The local government has taken market-friendly steps that would be unthinkable in other parts of Germany. In 2006, for example, Dresden's municipal government sold 48,000 apartments to U.S. buyout firm Fortress Investment Group (FIG) for €1.75billion. This was a year after Franz Muentefering, then leader of the Social Democratic Party, compared such investors to the biblical plague of locusts that descended on Egypt.
Dresden, which was the first German city to sell all the housing it owned, used the proceeds to pay back debt of more than €700million, and it remains debt-free. "The Saxons have been clever business people for centuries," says Carl Graf von Hohenthal, a management adviser at the Brunswick Group in Berlin and former deputy editor-in-chief of Die Welt. "The typical Saxon is constantly thinking about how he can do business. When you drive across the border from Brandenburg into Saxony, you immediately see the difference. The villages are cleaner and more prosperous, the church towers bigger and higher."

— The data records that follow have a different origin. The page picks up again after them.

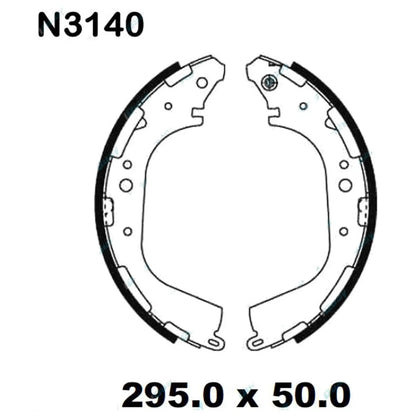 Rear Brake Shoes Set for Nissan Pathfinder R50 1995-2005 4X4 V6 VG33E 3.3L Drum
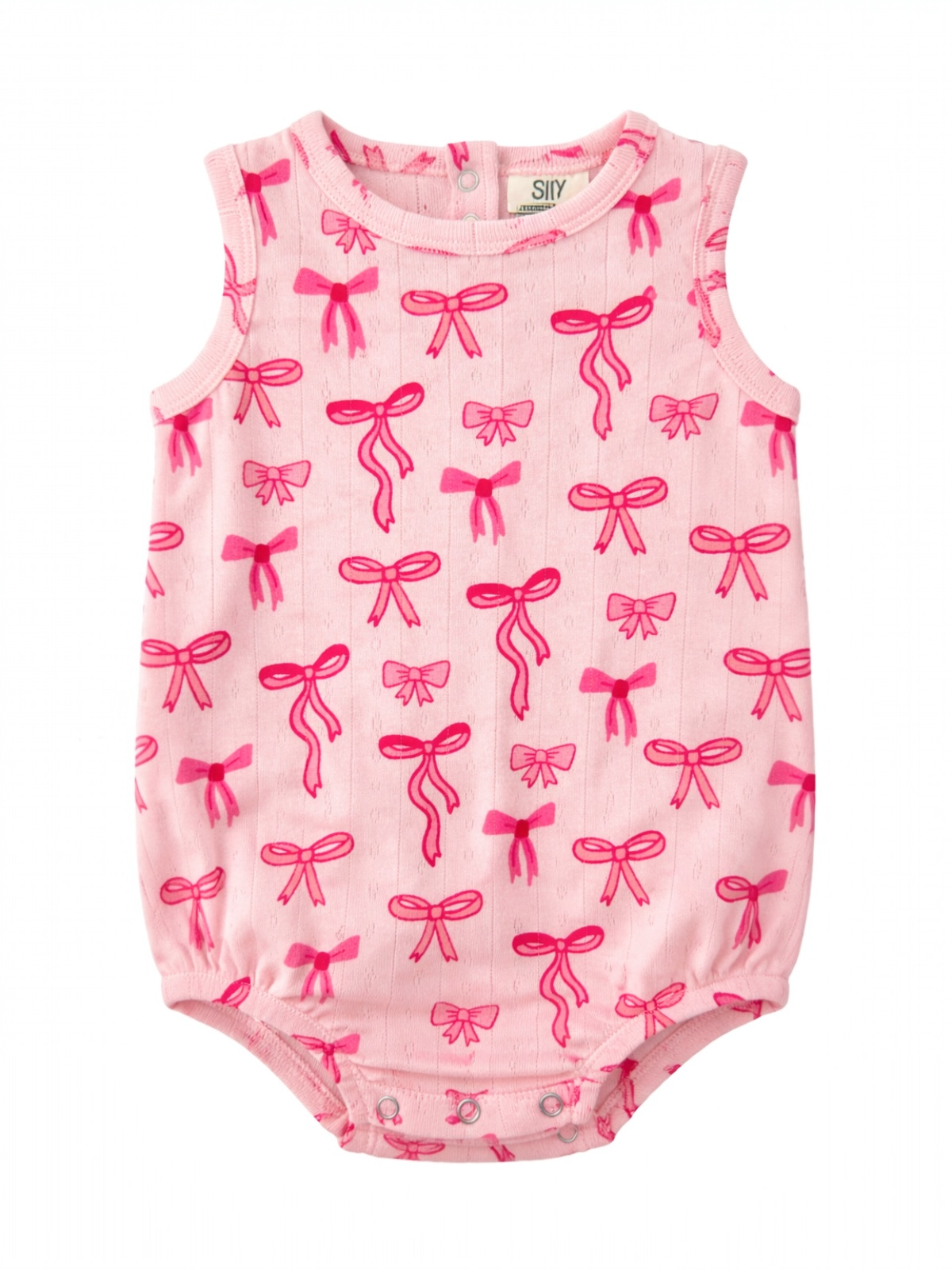 Pink Bows Organic Pointelle Bubble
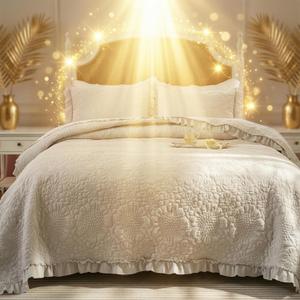 BOV 3 PCS Ruffle Quilt King Size, Exquisite King Bedspread with 2 Pillow Shams All Seasons for Modern Bedroom Decor (106"x96",Gray)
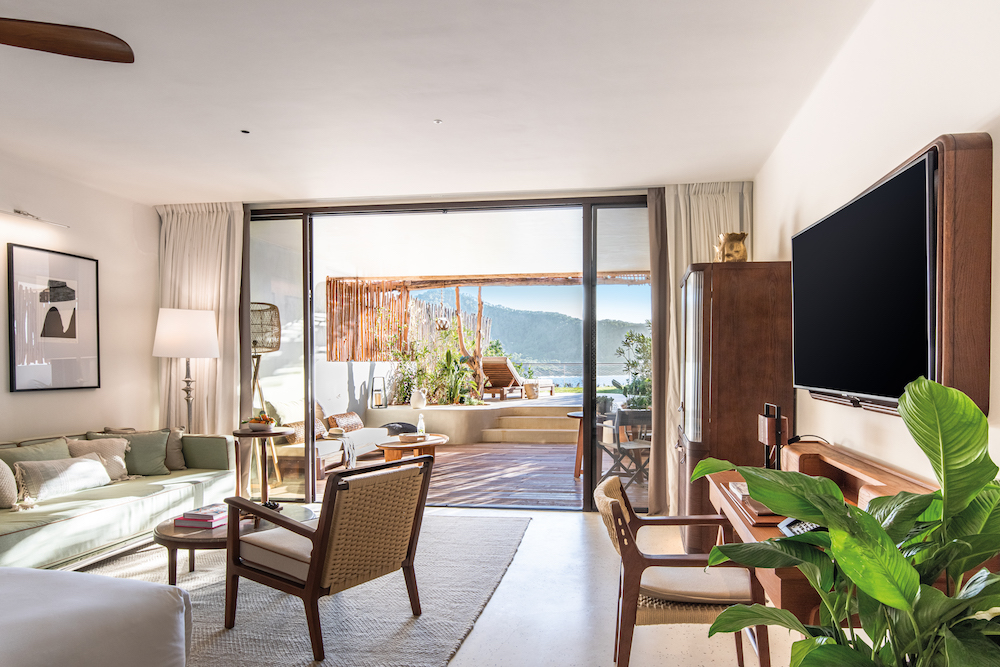 Guestroom overlooking sea at Six Senses Ibiza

Porsche's plant is a symbol of the new Saxony, employing 640 people on the site of a former Soviet military training base. It churns out 250 Cayennes and 100 Panameras a day. The meticulous attention to detail that makes Saxons good at building Porsches is also an asset for producing luxury products such as watches and fine wine. A. Lange & Söhne, the watchmaker established in 1845 in the village of Glashütte near the Czech border, was expropriated by the communists in 1945 and reestablished in December 1990 by Walter Lange, a direct descendant of the founder. Jerzy Schaper, Lange's CEO, says watches made from gold and platinum—which range in price from €13,000 to €390,000—are selling especially well in Asia. Georg Prince zur Lippe, another Saxon who returned after unification, bought back his aristocratic family's manor house and vineyards in Meissen, Weingut Schloss Proschwitz, that had been seized by the communists. The wines are now served on Lufthansa flights.
Despite its progress, the state did experience its own version of the financial crisis, when state-owned Landesbank Sachsen, now known as Sachsen Bank, became a casualty of the U.S. housing meltdown in 2007 and lost €641.6million. The Saxony Prime Minister at the time, Georg Milbradt, resigned in 2008 after the bank's near failure, saying he wanted "to prevent further damage both to myself and to others." There are also concerns that aging and depopulation of rural areas could lead to worker shortages, and automobile thefts have skyrocketed. Dresden has also been the scene of the largest neo-Nazi marches in Germany since the 1960s. Eight members of the far-right National Democratic Party of Germany won seats in the 2009 election to the state's 132-member assembly.
Despite these challenges, though, Saxony is a success story, especially when compared to where things stood in 1990. "The Saxons are really hardworking," says Christian Schwinner-Strachwitz, 67, who returned to Saxony after reunification. "They never need a kick in the butt."